Even that provides a skewed perspective, as the presence of only three quarterbacks on the OSU roster means that some swapping will have to take place between the two reserves.

The word from those interviewed throughout much of camp has been that the two were about even in their work behind starter Todd Boeckman. In both Friday's practice and Saturday's jersey scrimmage, both of which were open to the media, the two split action among the reserve units, showing that the talk of camp when it comes to the quarterback spot wasn't just blown smoke.

"It's a daily battle," said acting quarterbacks coach Nick Siciliano. "We evaluate them every day, and right now they're neck and neck."

That battle takes on an added importance because of a shadow that looms large over the quarterback position. Arriving in June is Terrelle Pryor, Scout's No. 1 prospect of 2008, and many observers – including Pryor himself – expect the Jeannette, Pa., product to slip into a backup role that will see him included in a number of packages that take advantage of his lethal combination of passing and running ability.

However, while head coach Jim Tressel said he's sure Henton and Bauserman are aware of the hype surrounding Pryor, he pushed aside thoughts that the two must be pressing in an effort to impress the coaches during the final Pryor-less practices.

"That makes sense, but I don't know that they have time to do that," Tressel said. "There's so much they're trying to learn, and I don't know that could even creep into their thinking when Doug Worthington and Todd Denlinger are chasing you and you're trying to do checkoffs and you're trying to do this and that."

As such, the focus during this spring camp has been on bringing along the two who have taken quite differing paths on their way to donning the scarlet and gray.

"As far as I'm concerned," Siciliano said, "you need as many good quarterbacks as you can have on a football team because you're always one play away from putting the next guy in."

Henton had the lead at differing points of last season. The Georgian had moved past Rob Schoenhoft as Ohio State's No. 2 quarterback early last season, completing 3 of 6 passes for 57 yards and a touchdown, before being suspended after the Northwestern game following charges of alleged solicitation.

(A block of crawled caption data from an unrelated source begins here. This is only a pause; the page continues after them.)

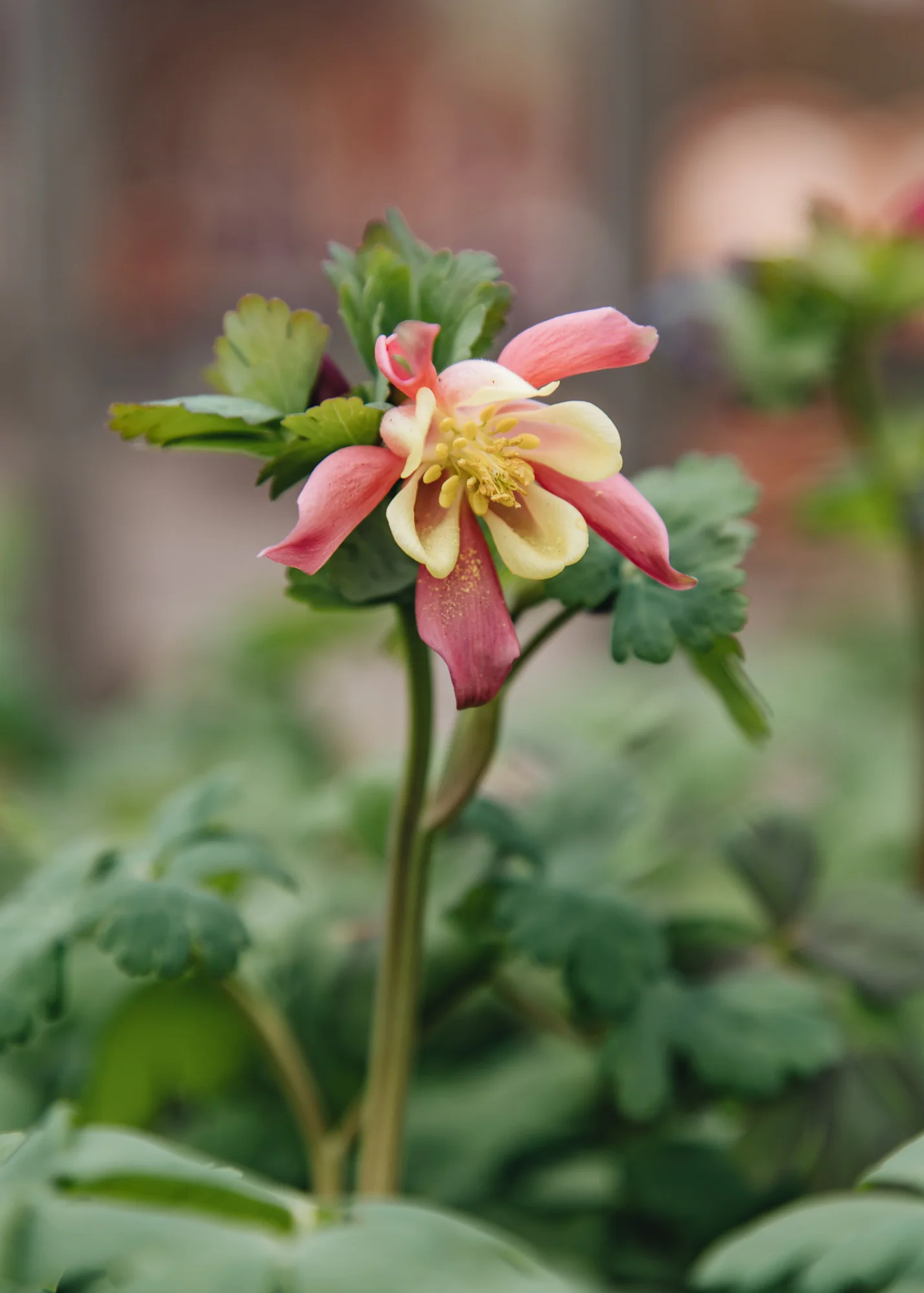 Aquilegia 'Spring Magic Rose and Ivory', 3L
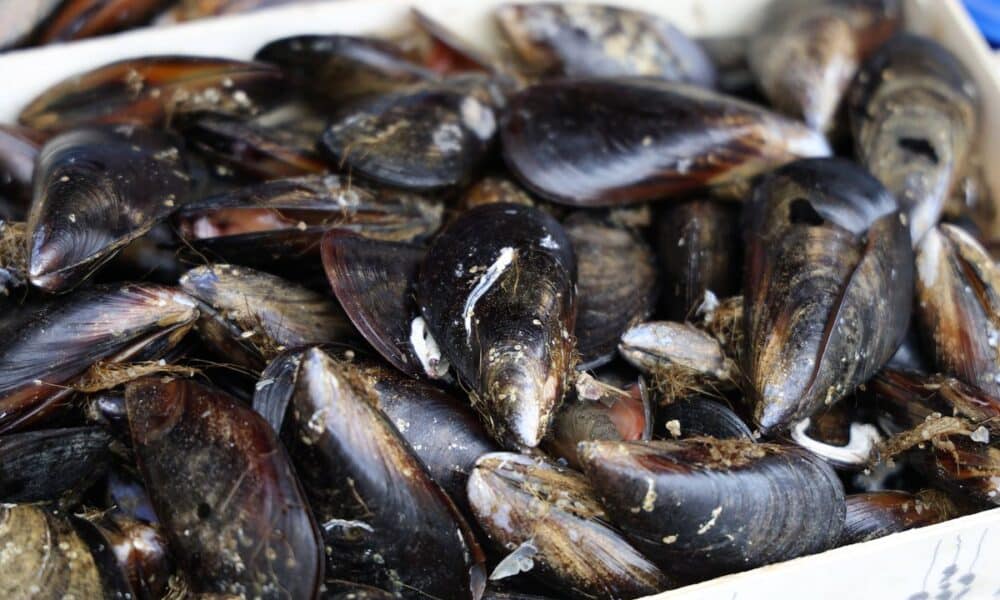 Thau : les moules et palourdes peuvent à nouveau être savourées en toute confiance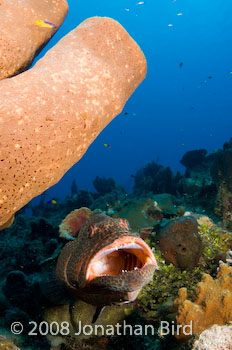 Tiger Grouper [Mycteroperca tigris]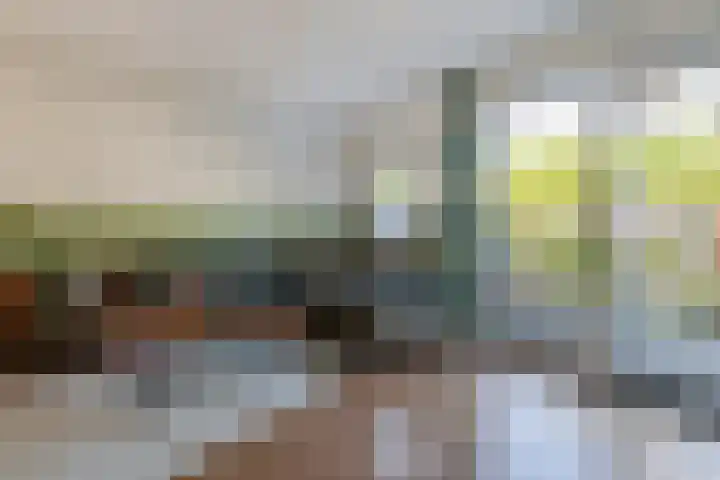 Van Ravesteyn-erf 453 Dordrecht thumbnail 7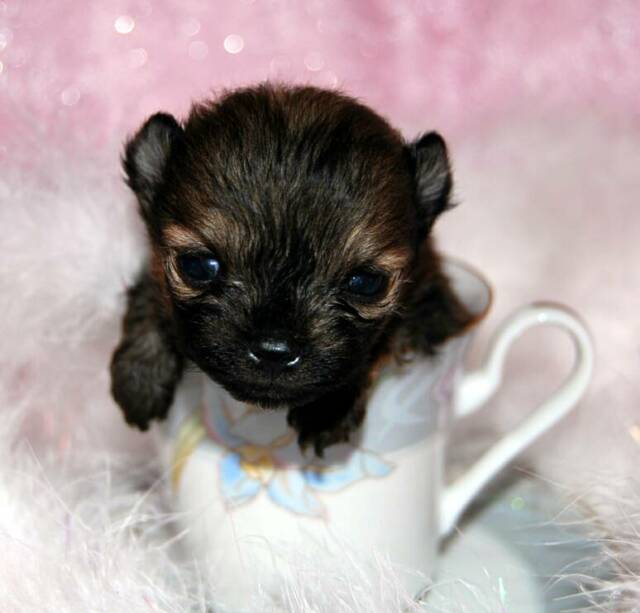 Teacup Pomeranin puppy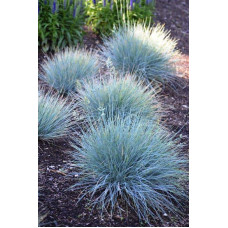 Вівсяниця блакитна/сиза Інтенсив Блю | Festuca glauca/cinerea Intense Blue | Овсяница голубая/сизая Інтенсив Блю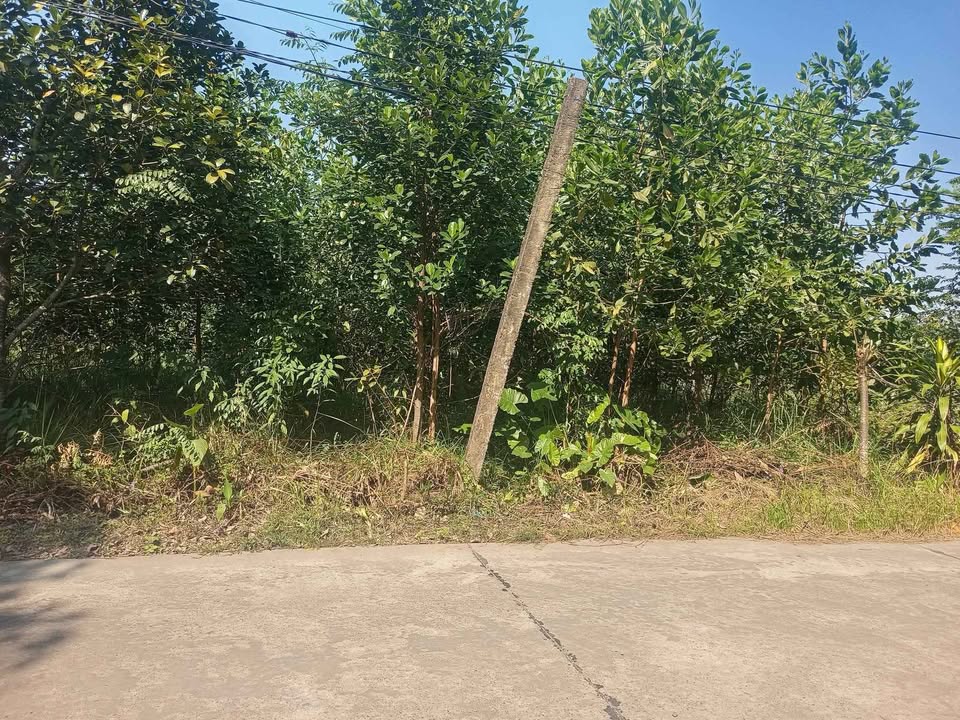 Đất nền chính chủ Thịnh Đức 4.000m² giá 4 tỷ - Tiềm năng đầu tư cao!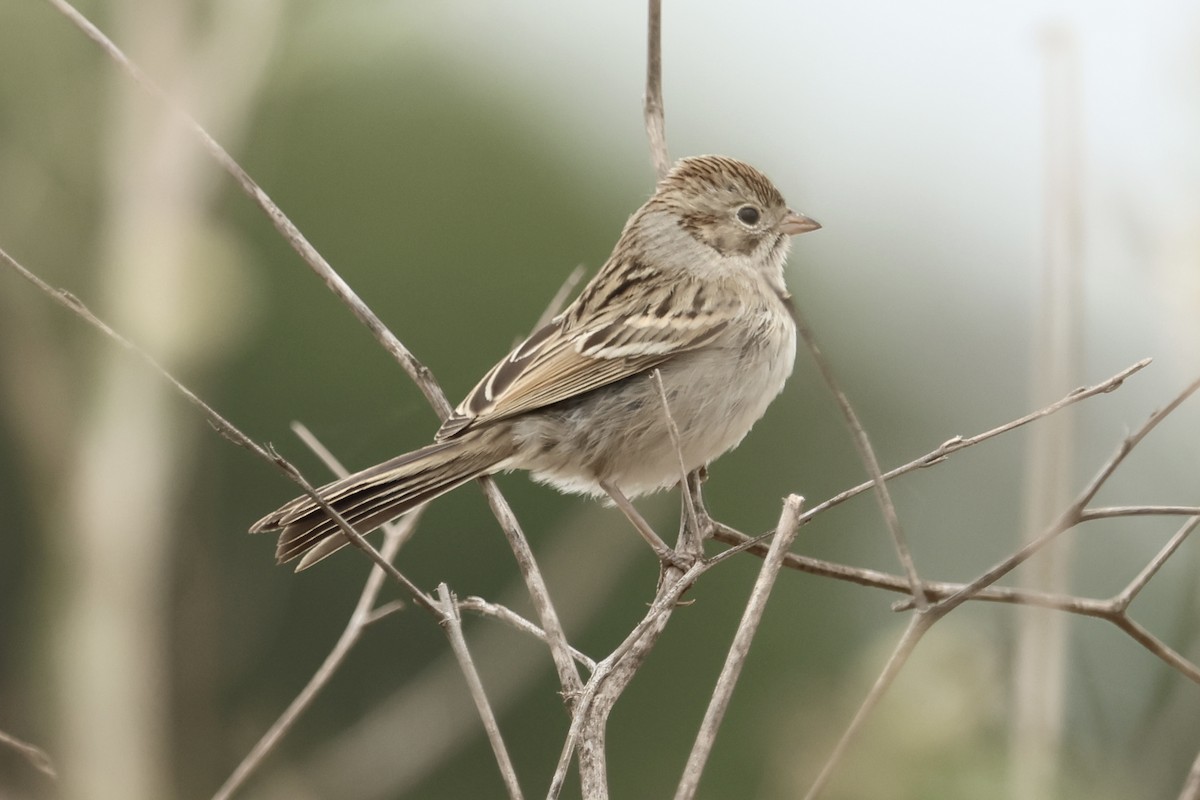 Brewer's Sparrow - ML642568894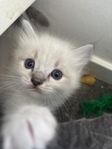 Ragdoll kattungar med stamtavla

He eventually came off the suspension and was one of the major topics of interest the week before the BCS National Championship Game when the Ohio State coaching staff said Henton might factor into the team's plans as a change of pace option depending on the flow of the game.

Though Henton did not play in the game, his emergence might have helped contribute to Schoenhoft's decision to move on to Delaware.

As for Bauserman, the former pitcher in the Pittsburgh Pirates organization and current walk-on was the fourth quarterback in 2007 but announced his presence while Ohio State was preparing to face LSU in the national title game.

"He really had a good bowl practice," Tressel said. "He really showed a lot, we thought, in that 15 or so practices there in December, so no, I'm not surprised that it's a little bit of a battle."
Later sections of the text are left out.